» Problem description:
Please output only the lines running from the one that contains "Spanish chef Ciriaco" through the last line of the data below, exactly as they stand, with no pictures.

» Exercise inputs:
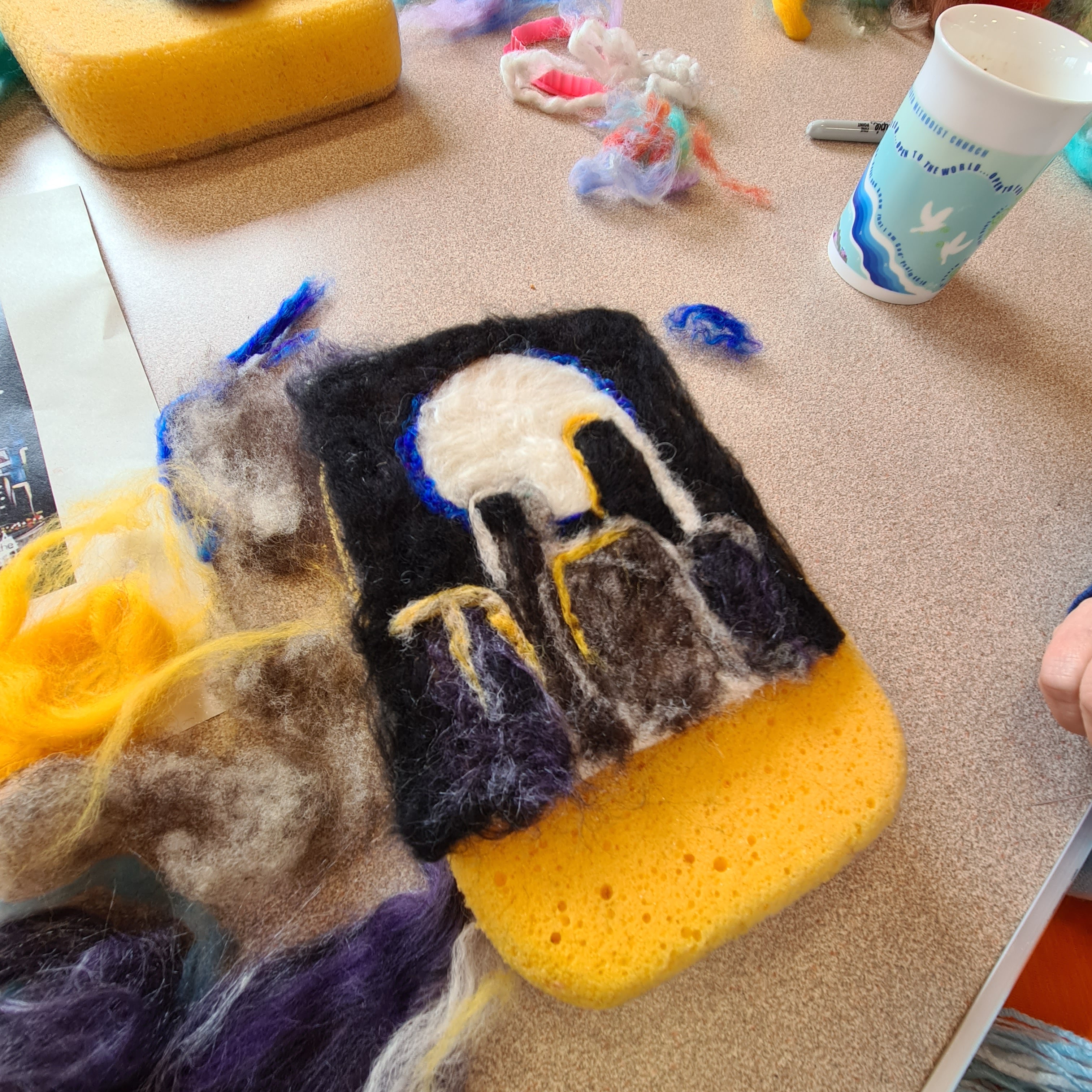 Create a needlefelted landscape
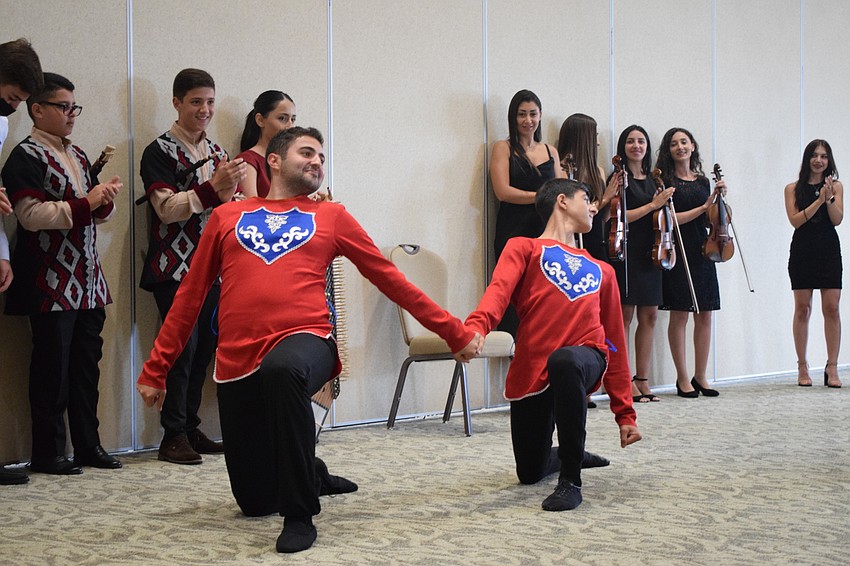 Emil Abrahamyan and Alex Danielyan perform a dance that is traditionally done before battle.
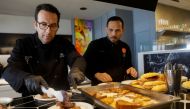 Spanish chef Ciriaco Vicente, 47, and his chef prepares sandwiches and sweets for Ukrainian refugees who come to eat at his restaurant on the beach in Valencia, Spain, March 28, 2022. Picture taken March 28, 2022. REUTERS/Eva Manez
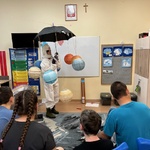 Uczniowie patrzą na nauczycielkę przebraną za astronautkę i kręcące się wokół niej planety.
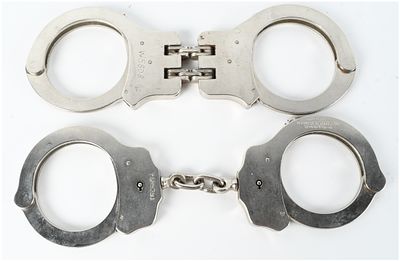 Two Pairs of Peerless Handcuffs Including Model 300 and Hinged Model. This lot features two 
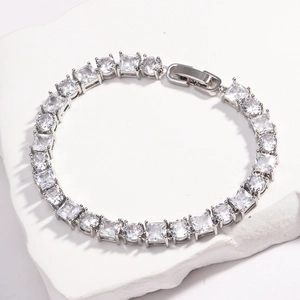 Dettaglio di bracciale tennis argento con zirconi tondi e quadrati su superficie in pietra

» Completed task:
 Spanish chef Ciriaco Vicente, 47, and his chef prepares sandwiches and sweets for Ukrainian refugees who come to eat at his restaurant on the beach in Valencia, Spain, March 28, 2022. Picture taken March 28, 2022. REUTERS/Eva Manez
 Uczniowie patrzą na nauczycielkę przebraną za astronautkę i kręcące się wokół niej planety.
 Two Pairs of Peerless Handcuffs Including Model 300 and Hinged Model. This lot features two 
 Dettaglio di bracciale tennis argento con zirconi tondi e quadrati su superficie in pietra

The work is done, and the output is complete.